We agree that if we were to interpret the regulation as only applying to identifying information on the tag, the state motto or nickname would be excluded from that definition. As appellant points out, some state license plates do not have any mottos or slogans at all. See, e.g., Wyo. Dep't of Transp., License Plates/Vehicle Registration, http://www.dot. state.wy.us/home/titles_plates_registration.html (last visited Aug. 13, 2014). More significantly, the District of Columbia itself does not appear to convey much importance to the state motto or nickname portion of the license plate in furthering any legitimate purpose, because our own Department of Motor Vehicles explicitly allows individuals to procure a District of Columbia license plate that omits the motto “Taxation without Representation.” See Taxation without Representation—Vehicle Tags, http:// dmv.dc.gov/service/taxation-without-representation-vehicle-tags (last visited Aug. 13, 2014).

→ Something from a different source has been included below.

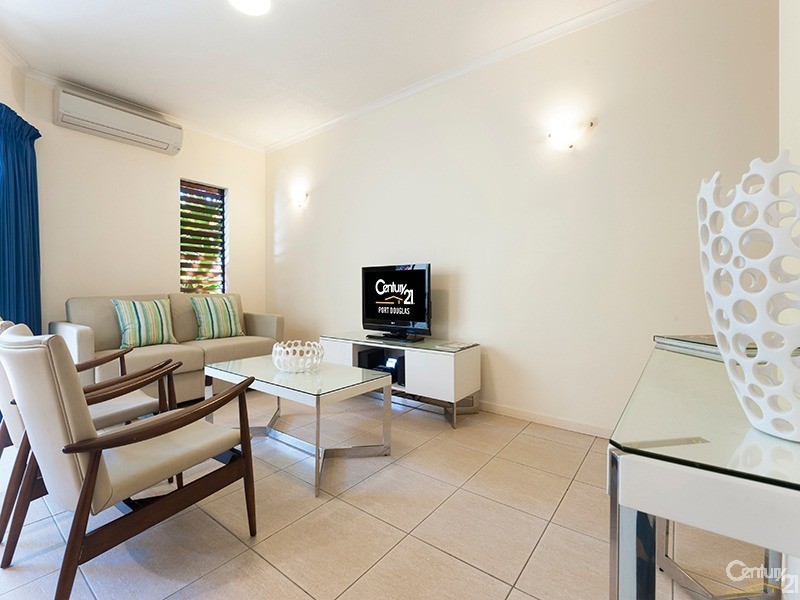 5/47-49 Davidson St – Freestyle, Port Douglas QLD 4877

With regard to § 422.6, when read in isolation and literally, the provision, which prohibits any “sign or emblem more than twenty-four square inches ... in area [to] be attached to any license tag bracket” or “any sign or emblem ... so located as to obstruct from view any part of the identification tags[,]” appears to provide an independent basis for a traffic violation; in other words, the police may stop a vehicle for a license plate frame that directly violates the requirements of § 422.6. This was how the trial court read the regulatory provision when it concluded that appellant, in addition to violating § 422.5, also violated both requirements of § 422.6. Such an interpretation is not the only credible reading of the provision when considered “in context” of the surrounding regulatory provisions. See, e.g., Tippett, supra, 10 A.3d at 1127. Specifically, § 422.5 states that all identification tags must be free from “foreign materials” and be clearly legible. That provision then goes on to define “foreign materials” as, inter alia, “any markings or attachments of any kind, except as permitted by § 422.6.” (emphasis added). When §§ 422.5 and 422.6 are read in conjunction, § 422.6 could also be interpreted as simply providing a definition of what attachments are permitted (or not permitted as the case may be) under § 422.5's general prohibition of “foreign materials.” Any attachment that does not meet § 422.6's requirements thereby directly violates § 422.5's general prohibition against “foreign materials,” not § 422.6. In other words, § 422.6 is merely defining what is an excepted attachment, and does not provide an independent basis for a traffic violation. See, e.g., Grayson, supra, 15 A.3d at 238. Given these two competing interpretations, we construe § 422.6 in conformance with the rule of lenity and conclude that it does not provide an independent basis for a traffic stop. Having resolved this issue, the validity of appellant's traffic stop hinges exclusively on our interpretation of “identification tag” under § 422.5.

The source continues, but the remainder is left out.